> [PROBLEM]:
Give again, word for word, every line below from the one that has "spalle. Foto Stock" through the one that has "Opel Astra J (2009-2019) 1.4 Turbo 2011", both included, and no others.

> [RECORDS PROVIDED]:
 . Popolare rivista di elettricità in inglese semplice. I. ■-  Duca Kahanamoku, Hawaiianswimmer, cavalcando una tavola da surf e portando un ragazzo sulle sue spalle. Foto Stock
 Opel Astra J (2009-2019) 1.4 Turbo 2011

* * *

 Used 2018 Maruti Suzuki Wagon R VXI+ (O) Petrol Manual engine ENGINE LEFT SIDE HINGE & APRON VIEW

--

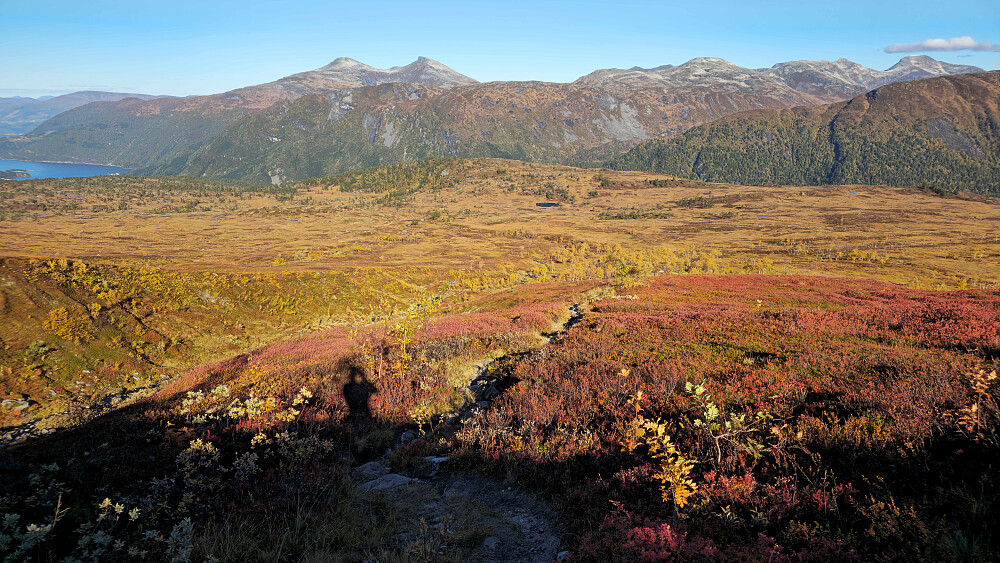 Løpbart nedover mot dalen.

> [FINISHED TASK]:
 . Popolare rivista di elettricità in inglese semplice. I. ■-  Duca Kahanamoku, Hawaiianswimmer, cavalcando una tavola da surf e portando un ragazzo sulle sue spalle. Foto Stock
 Opel Astra J (2009-2019) 1.4 Turbo 2011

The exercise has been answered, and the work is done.